1.Mary is selling her craft to earn money she sells her bracelets for $6 and her necklaces for $10 her goal is to make at least $120 in sales which of the following represents three possible solutions to the problem
A.6x+10y<120
(5,10),(10,5),and(15,0)are three possible solutions.
B.6x+10y>=120
(5,9),(10,6),and(15,3)are three possible solutions.
C.6x-10y<120
(5,5),(10,10),and(15,15)are three possible solutions.
D.7x+5y<=140
(7,21),(14,14),and(21,7)are three possible solutions.
I think it's A.6x+10y<120
(5,10),(10,5),and(15,0)are three possible solutions. please correct me if I'm wrong.

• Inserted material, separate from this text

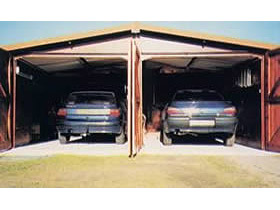 Garages bois jumelés 31 m² - 5 x 6.2 x 2.60 m - 12 mm ( dimensions pour les 2 garages réunis)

disagree. She wants 6x+10y to be BIGGER or equal to 120
It said she wants to "make at least $120"
To me that means that your relation should contain > 120 or ≥ 120
This automatically ruled out 2 of the 4 statements, and in D she limits her sales to $140
A quick check will show that the 3 points given for
6x + 10y ≥ 120 all work
So the answer to this would be B or D??? if I have another choice i'd say D. Am I correct.
You are correct! The correct option is A.
To check if this option represents the three possible solutions, we can substitute the values in the inequalities.
Let's take the first solution (5, 10):
6(5) + 10(10) = 30 + 100 = 130
Since 130 is greater than 120, the inequality 6x + 10y < 120 is true for this solution.
Similarly, for the second solution (10, 5):
6(10) + 10(5) = 60 + 50 = 110
Since 110 is less than 120, the inequality 6x + 10y < 120 is true for this solution as well.
For the third solution (15, 0):
6(15) + 10(0) = 90 + 0 = 90
Since 90 is less than 120, the inequality 6x + 10y < 120 is true for this solution too.
Therefore, all three solutions satisfy the inequality 6x + 10y < 120, making option A the correct choice.